%%

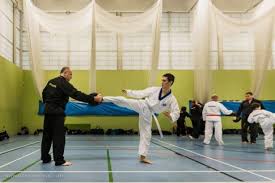 Image result for Bytomic Taekwondo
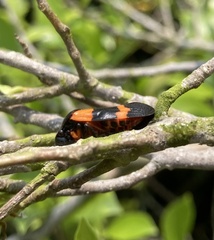 Cosmoscarta abdominalis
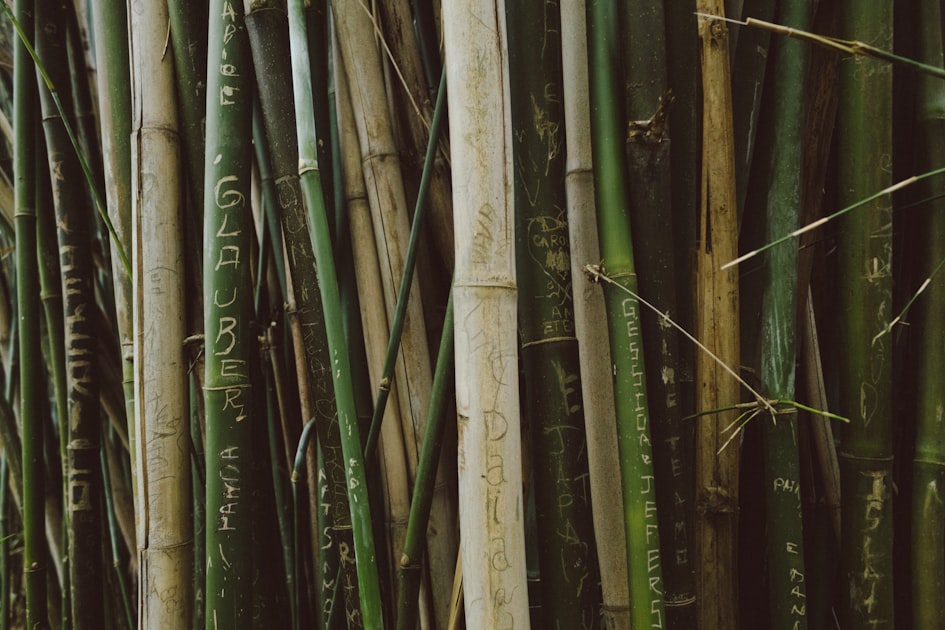 You are currently viewing Bamboo in Education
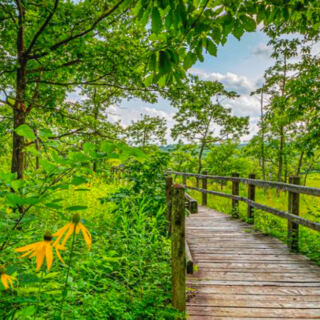 This Expansive Nature Preserve Showcases Missouri’s Native Landscapes at Their Finest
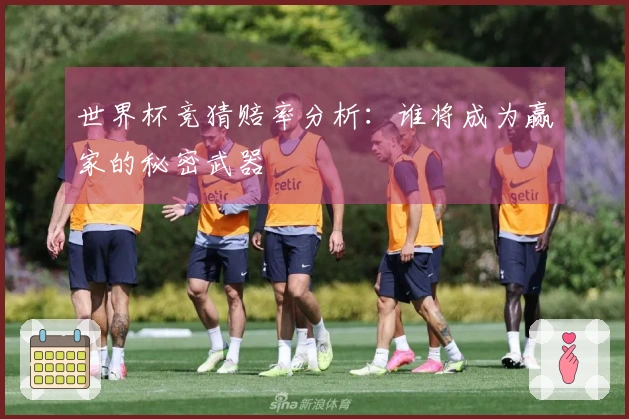 世界杯竞猜赔率分析：谁将成为赢家的秘密武器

%%

What is required → An exact copy of the lines from the one with "You are currently" through the last line of the records, inclusive, is required, with all pictures left out.

Output of the exercise →
 You are currently viewing Bamboo in Education
 This Expansive Nature Preserve Showcases Missouri’s Native Landscapes at Their Finest
 世界杯竞猜赔率分析：谁将成为赢家的秘密武器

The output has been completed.